Sunday, October 23, 2011

P-Noy vows justice for slain soldiers

MANILA, Philippines - While maintaining that an all-out war with the Moro Islamic Liberation Front (MILF) would cost too much “in blood,” President Aquino vowed on Friday to give justice to the 19 soldiers who were killed by MILF rebels in Basilan last Tuesday.

Aquino made the commitment as he condoled with the families and relatives of the slain soldiers on Friday.

“For all those who were responsible for the death of these soldiers, I warn you the government will not let this pass, we will hunt you down and give justice to the victims,” Aquino told reporters at the Libingan ng mga Bayani late Friday.

“I am not promising anything, it is not my style to impose deadlines of 24 or 48 hours, but I guarantee that the state will hunt them down to attain justice,” he said.

Aquino visited the wake of the 15 slain soldiers whose bodies were flown in from Mindanao.

The 15 caskets arrived late Friday after the cargo plane brought the remains of some of the slain soldiers to Davao and Cagayan de Oro City. Arriving in Fort Bonifacio, the bodies were given full military honors.

Aquino’s two sisters Ballsy and Viel joined in condoling with the grieving families.
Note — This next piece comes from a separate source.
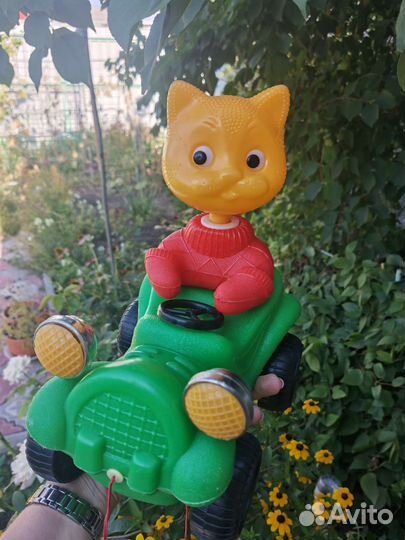 Игрушка каталка СССР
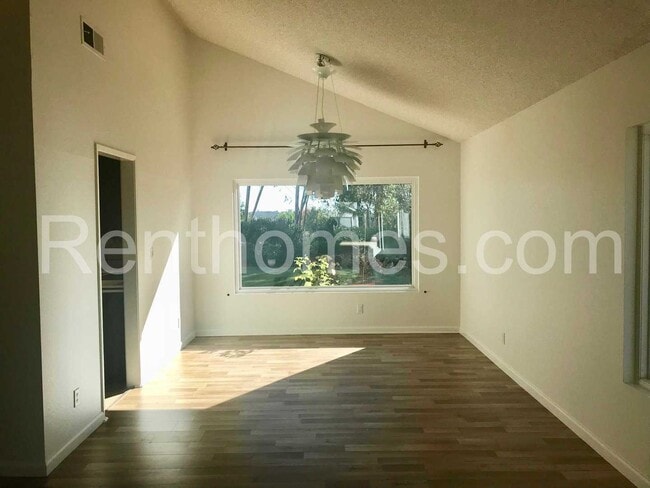 Photo - 11245 Forestview Ln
“I expressed my sincerest condolences on behalf of the people. I also expressed to them my deepest appreciation of the heroism and sacrifice they have shown in answering the call of duty. I made a promise to them that I would give them justice,” Aquino said.
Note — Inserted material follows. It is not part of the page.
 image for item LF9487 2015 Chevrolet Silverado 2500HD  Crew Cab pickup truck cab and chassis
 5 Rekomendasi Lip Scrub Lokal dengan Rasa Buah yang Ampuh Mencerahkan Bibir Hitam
Aquino noted the calls of the grieving relatives to launch an all-out war with the MILF.

Aquino virtually rejected such calls, saying the government is only going after the lawless elements.

“Now if we are going to pursue them, we must be clear as to who we are pursuing. We cannot follow what others are suggesting that we attack everyone, what kind of a decision is that when you attack everyone including those who are keeping their peace,” Aquino said.

“So maybe a good headline would be, how much would the price of those proposals (for an all-out war) be in blood? I think we all have the responsibility to think about things properly and make a decision calmly,” he added.

Aquino maintained an all-out war with the MILF would cost too high a price “in blood,” even as he ordered targeted strikes against rebels behind the attacks.

Aquino said an investigation is ongoing and the results are expected next week.

He said the government would not just go after those behind the attack but also sanction erring military officials who will be proven to be negligent.

Aquino also warned that those who would try to help the lawless elements would taste the government’s wrath and no one would be spared.

The MILF had owned up to the attacks in Basilan last Tuesday, claiming the soldiers encroached into their territory in violation of the ceasefire agreement.

The MILF also accused the government of attacking rebel positions in Zamboanga Sibugay that triggered the retaliatory attack on Friday that killed eight soldiers and policemen.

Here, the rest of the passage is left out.